Material for this task:
----------------
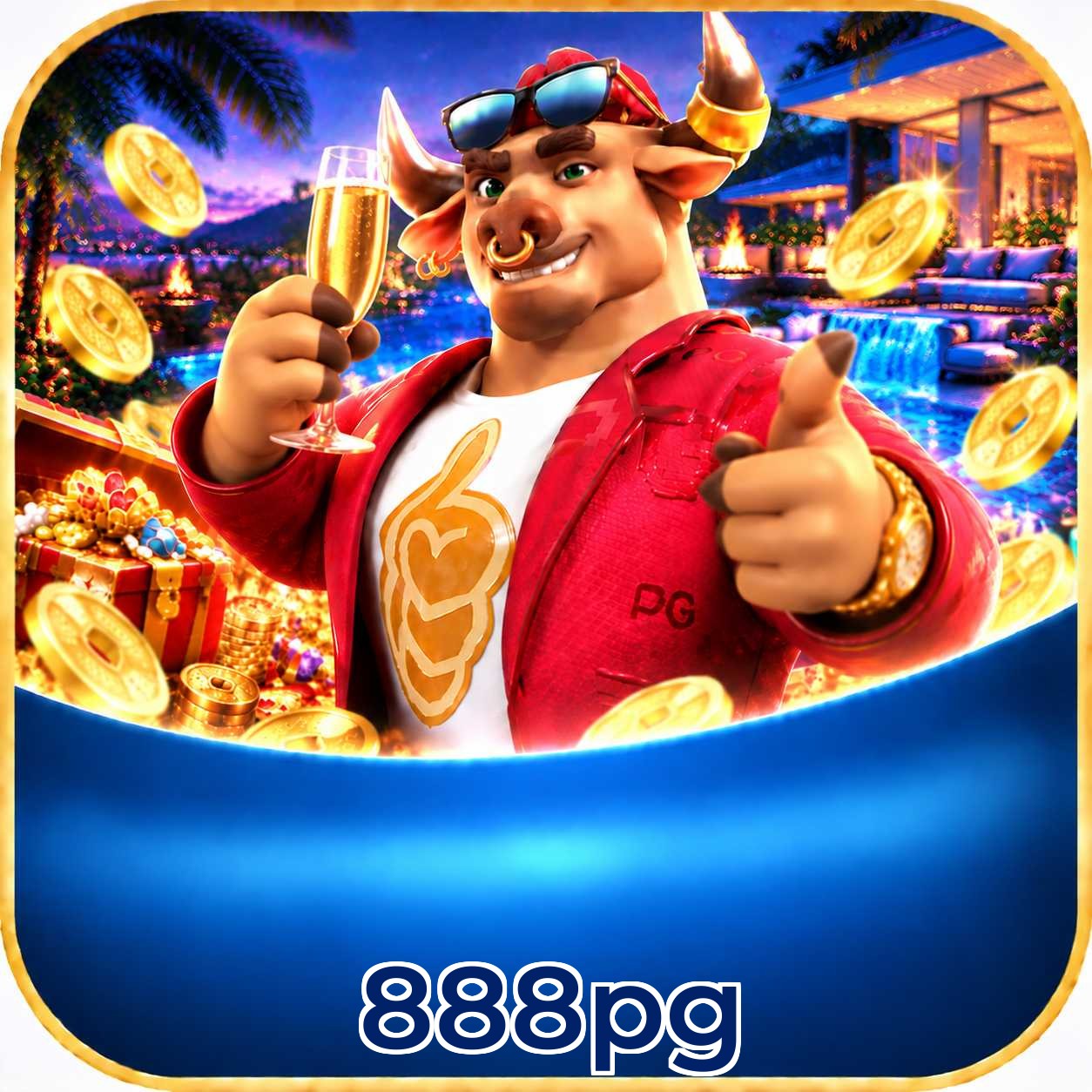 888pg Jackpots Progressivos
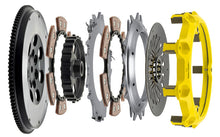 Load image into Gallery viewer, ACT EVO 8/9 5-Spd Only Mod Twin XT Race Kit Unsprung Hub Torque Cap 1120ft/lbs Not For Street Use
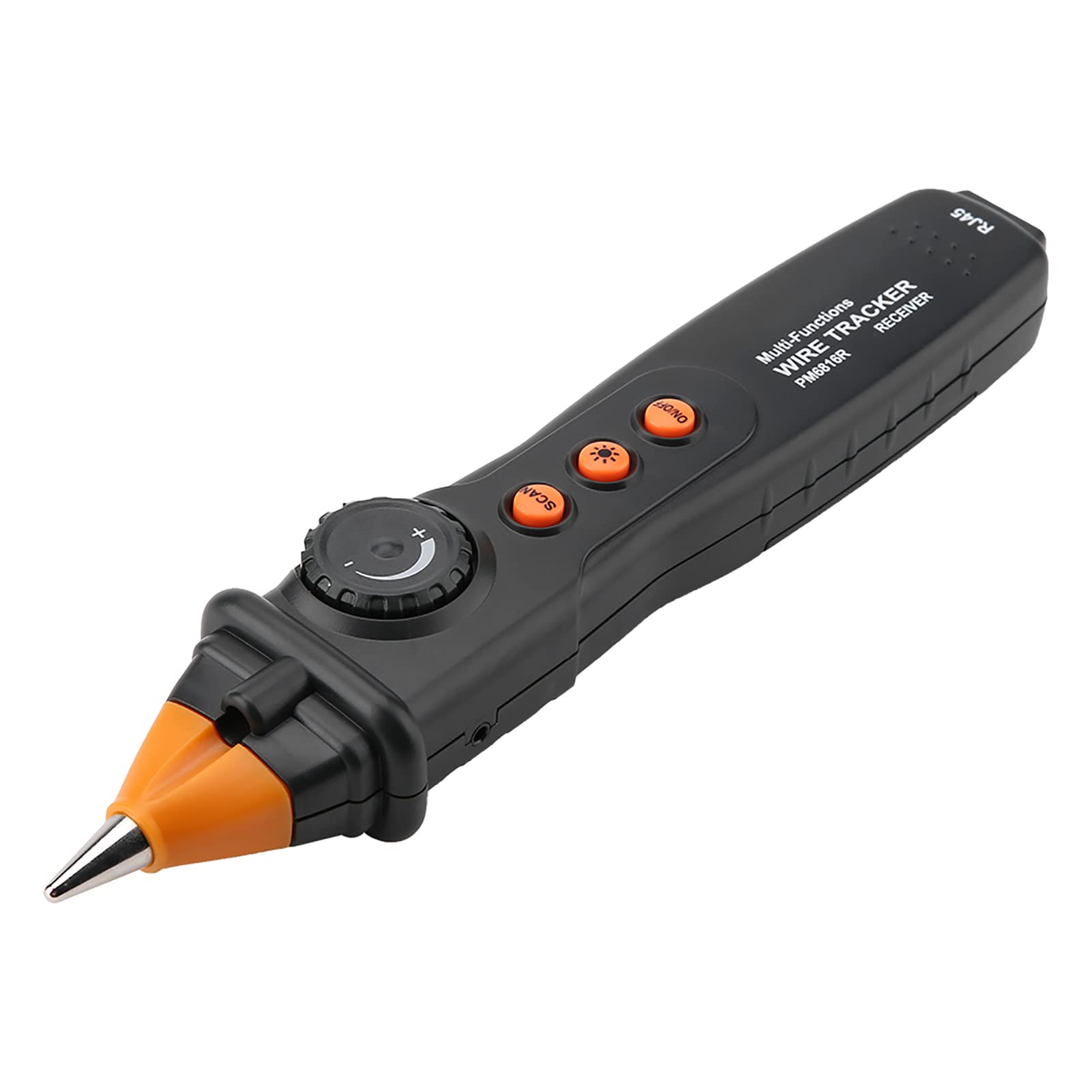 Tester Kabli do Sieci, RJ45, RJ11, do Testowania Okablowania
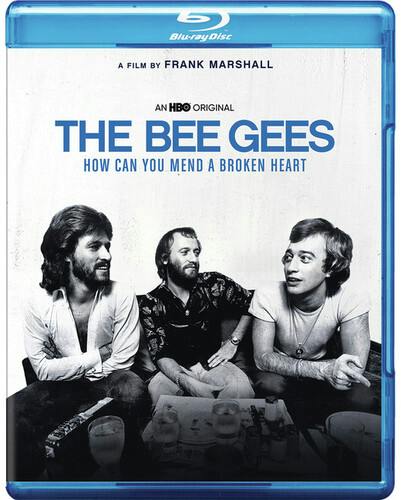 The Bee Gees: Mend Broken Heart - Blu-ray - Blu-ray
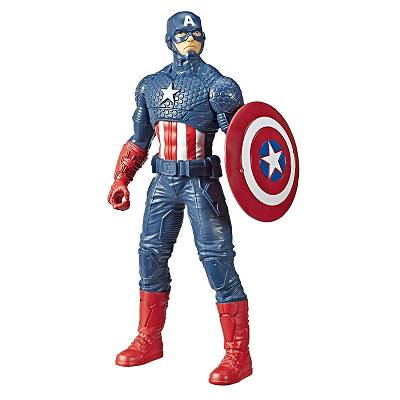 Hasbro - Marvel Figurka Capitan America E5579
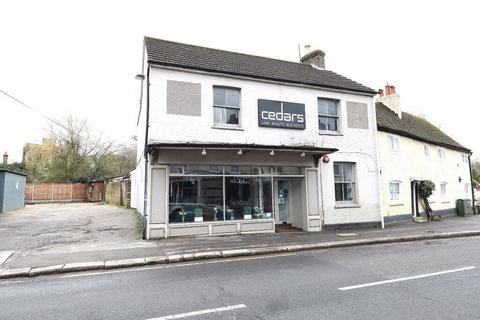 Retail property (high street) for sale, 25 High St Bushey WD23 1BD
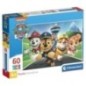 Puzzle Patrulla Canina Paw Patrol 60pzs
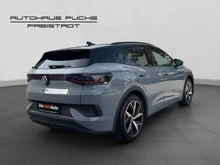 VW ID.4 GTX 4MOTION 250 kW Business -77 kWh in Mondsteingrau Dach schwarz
----------------
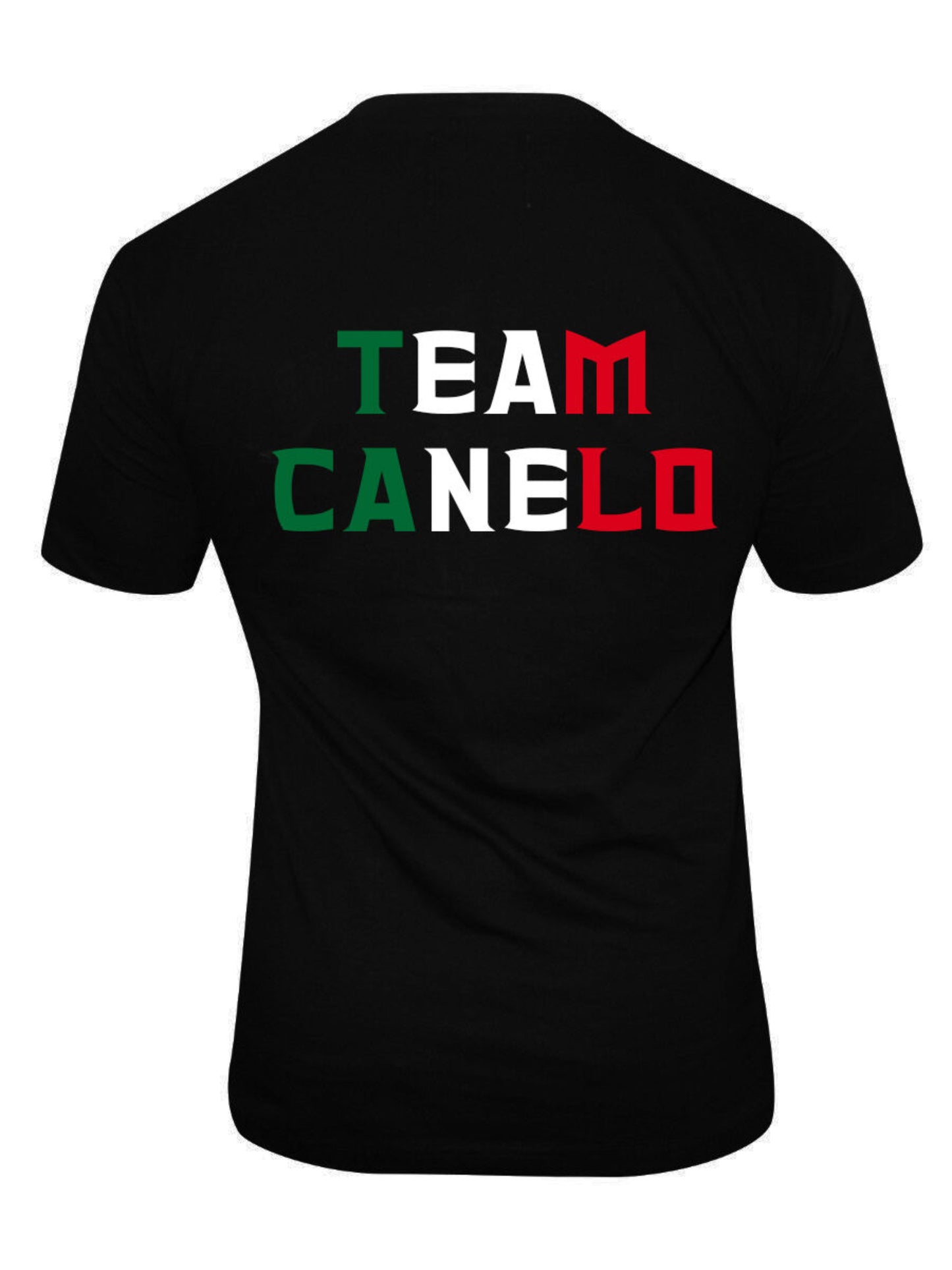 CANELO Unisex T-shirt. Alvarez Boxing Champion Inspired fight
----------------
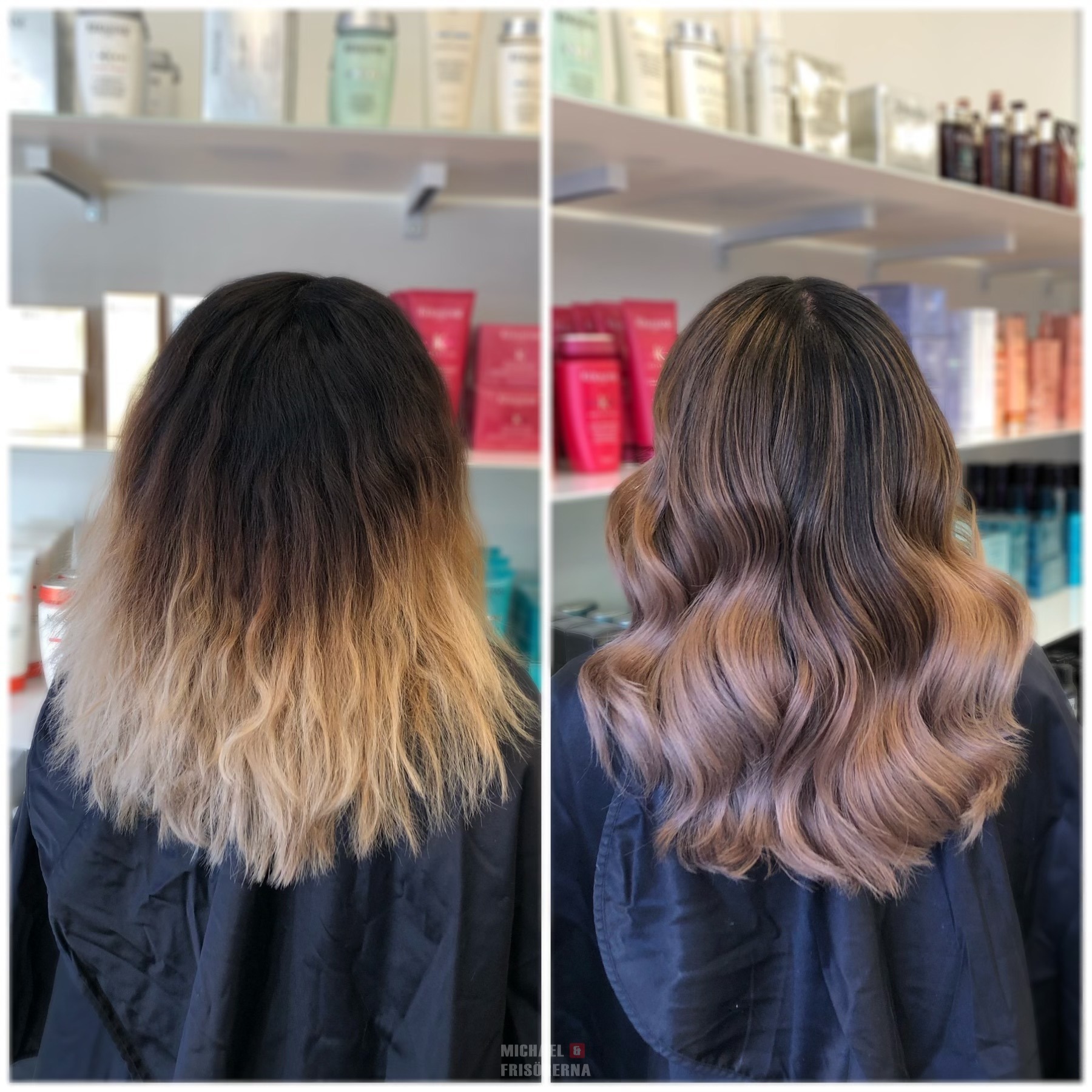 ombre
----------------
Problem statement: Copy word for word only the lines above from the one with "888pg Jackpots Progressivos" through the one with "Hasbro - Marvel". Leave pictures out.

Answer box:
 888pg Jackpots Progressivos
 Load image into Gallery viewer, ACT EVO 8/9 5-Spd Only Mod Twin XT Race Kit Unsprung Hub Torque Cap 1120ft/lbs Not For Street Use
 Tester Kabli do Sieci, RJ45, RJ11, do Testowania Okablowania
 The Bee Gees: Mend Broken Heart - Blu-ray - Blu-ray
 Hasbro - Marvel Figurka Capitan America E5579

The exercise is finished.